Web standards currently specify support for scrolling to anchor elements with name attributes, as well as DOM elements with ids, when navigating to a fragment. While named anchors and elements with ids enable scrolling to limited specific parts of web pages, not all documents make use of these elements, and not all parts of pages are addressable by named anchors or elements with ids.

Current Status

This feature is currently implemented as an experimental feature in Chrome 74.0.3706.0 and newer. It is not yet shipped to users by default. Users who wish to experiment with it can use chrome://flags#enable-text-fragment-anchor. The implementation is incomplete and doesn't necessarily match the specification in this document.

A Note on Specifications / "Why Not Use The Standardization Process?"

Our intent is definitely for this to be part of the standards process, interoperable with other browsers, with feedback and ideas from the broader community. This document is meant to serve as an explainer to that end and to serve as a starting point for those discussions.

Likewise, the experimental implementation is used to prove the viability of the concept, help us iterate on ideas, and help inform design and standards work. Once we're satisfied that we understand the space sufficiently, this work will move into the appropriate standardization forum.

Motivating Use Cases

When following a link to read a specific part of a web page, finding the relevant part of the document after navigating can be cumbersome. This is especially true on mobile, where it can be difficult to find specific content when scrolling through long articles or using the browser's "find in page" feature. Fewer than 1% of clients use the "Find in Page" feature in Chrome on Android.

To enable scrolling directly to a specific part of a web page, we propose generalizing the existing support for scrolling to elements based on the fragment identifier. We believe this capability could be used by a variety of websites (e.g. search engine results pages, Wikipedia reference links), as well as by end users when sharing links from a browser.

Search Engines

Search engines, which link to pages that contain content relevant to user queries, would benefit from being able to scroll users directly to the part of the page most relevant to their query.

For example, Google Search currently links to named anchors and elements with ids when they are available. For the query "lincoln gettysburg address sources", Google Search provides a link to the named anchor #Lincoln’s_sources for the wikipedia page for Gettysburg Address as a "Jump to" link:

Example "Jump to" link in search results

However, there are many pages with relevant sub passages with no named anchor or id, and search engines cannot provide a "Jump to" link in such cases.
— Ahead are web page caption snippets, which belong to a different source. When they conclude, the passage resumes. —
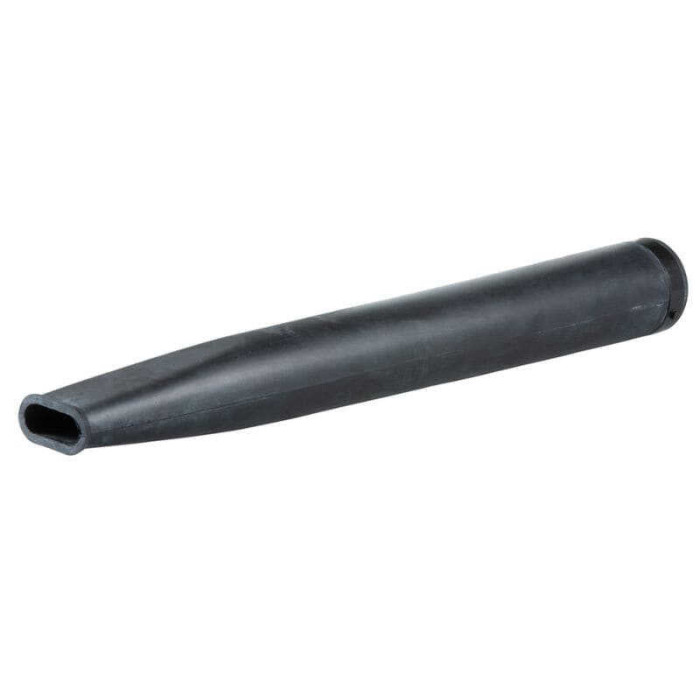 Buse longue de soufflage Makita 123246-2 430 mm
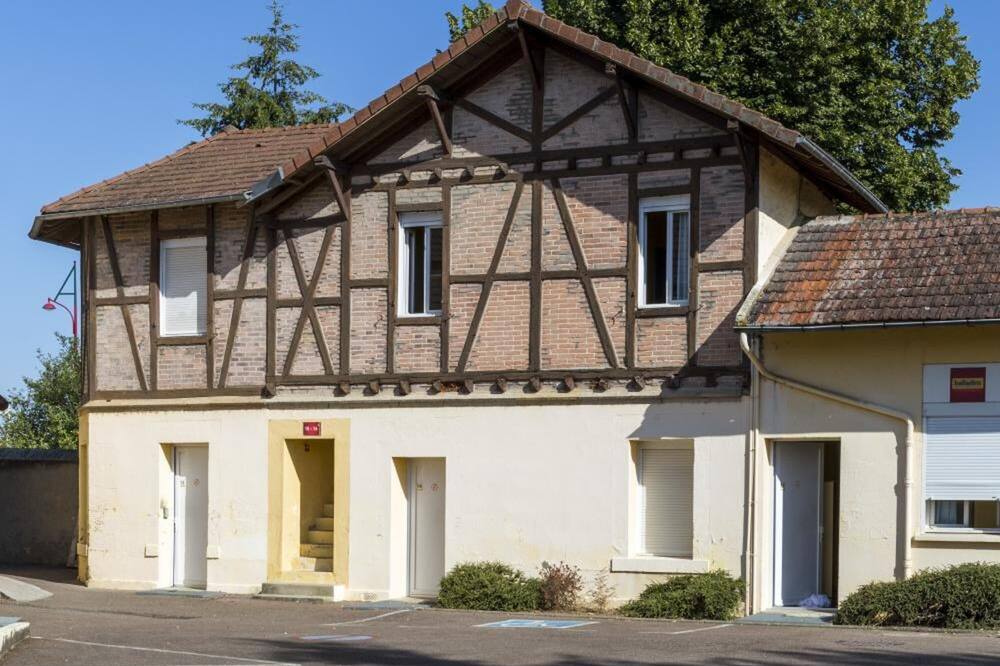 オテル & レジデンス アヴェルム 写真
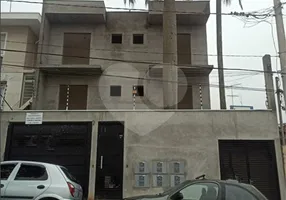 Foto 1 de Apartamento com 2 Quartos à venda, 39m² em Mandaqui, São Paulo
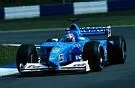 FIA Formel 1 Weltmeisterschaft 2000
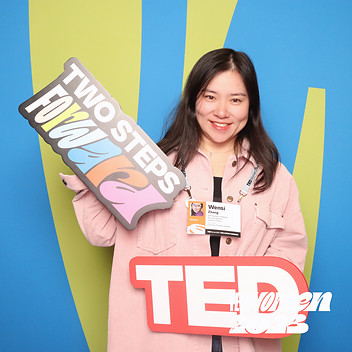 WENSI ZHANG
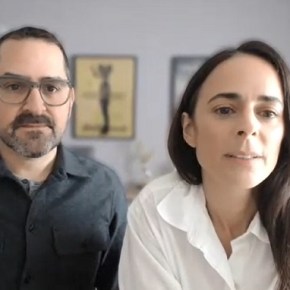 Alyssa Fedele and Zachary Fink – Looking At the People Behind the&nbsp;Cyber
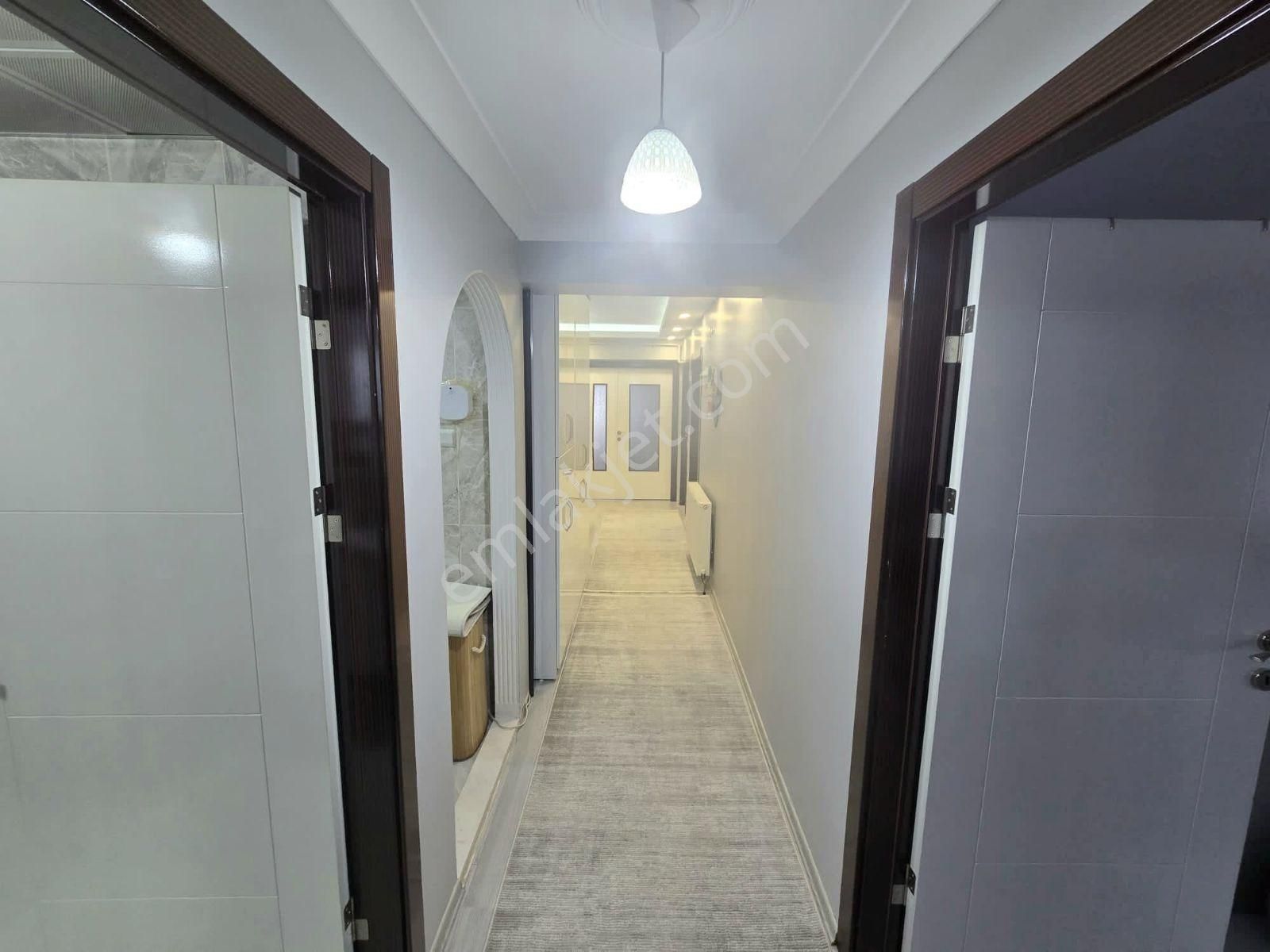 Göksu'dan Barıştepe'de Satılık Full Yapılı 3+1 Daire - Görsel 17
Referencing / sharing a specific passage in a web page

When referencing a specific section of a web page, for example as part of sharing that content via email or on social media, it is desirable to be able to link directly to the specific section. If a section is not linkable by a named anchor or element with id, it is not currently possible to share a link directly to a specific section. Users may work around this by sharing screenshots of the relevant portion of the document (preventing the recipient of the content from engaging with the actual web page that hosts the content), or by including extra instructions to scroll to a specific part of the document (e.g. "skip to the sixth paragraph"). We would like to enable users to link to the relevant section of a document directly. Linking directly to the relevant section of a document preserves attribution, and allows the user following the URL to engage directly with the original publisher.

Proposed Solution

tl;dr

Allow specifying text to scroll and highlight in the URL fragment:

https://example.com#targetText=prefix-,startText,endText,-suffix

Using this syntax

targetText=[prefix-,]textStart[,textEnd][,-suffix]

            context  |-------match-----|  context

(Square brackets indicate an optional parameter)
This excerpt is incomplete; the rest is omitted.